● Task data:
________________________________________
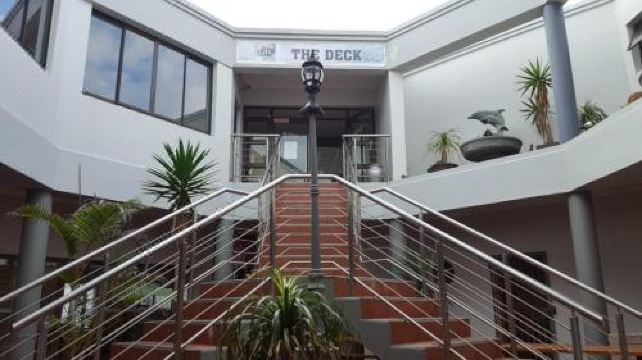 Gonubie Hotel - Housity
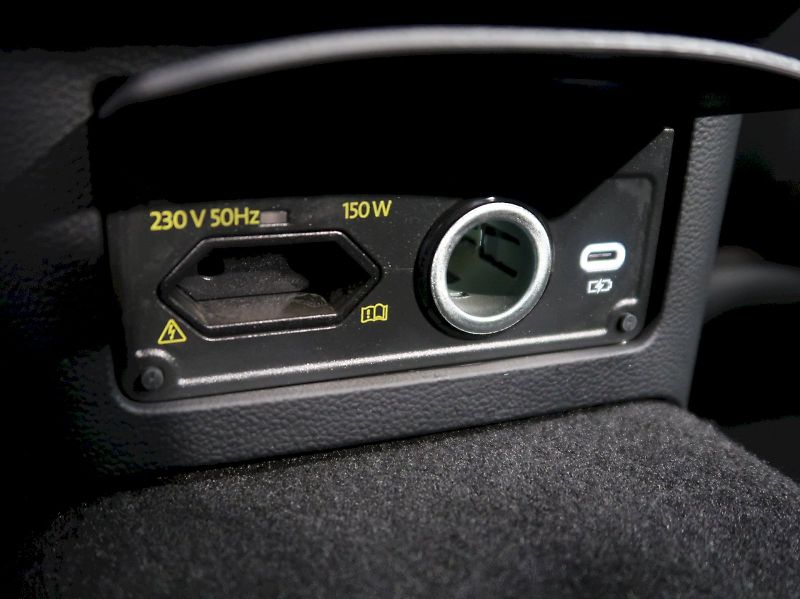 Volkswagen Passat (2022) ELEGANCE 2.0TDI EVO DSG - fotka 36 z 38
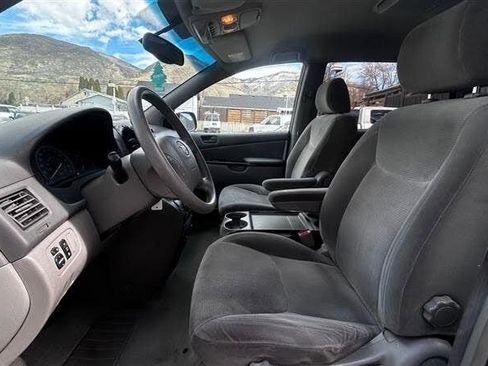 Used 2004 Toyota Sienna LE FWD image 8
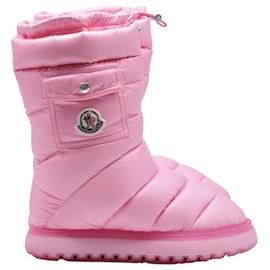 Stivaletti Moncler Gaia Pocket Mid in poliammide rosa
________________________________________
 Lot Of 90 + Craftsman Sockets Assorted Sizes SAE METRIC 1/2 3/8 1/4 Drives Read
________________________________________
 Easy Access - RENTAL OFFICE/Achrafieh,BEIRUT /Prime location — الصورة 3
________________________________________
Each line between the one holding "Gonubie Hotel - Housity" and the one holding "Stivaletti Moncler Gaia", inclusive, should be copied exactly as it appears above, and pictures should be omitted.

● Answer space:
 Gonubie Hotel - Housity
 Volkswagen Passat (2022) ELEGANCE 2.0TDI EVO DSG - fotka 36 z 38
 Used 2004 Toyota Sienna LE FWD image 8
 Stivaletti Moncler Gaia Pocket Mid in poliammide rosa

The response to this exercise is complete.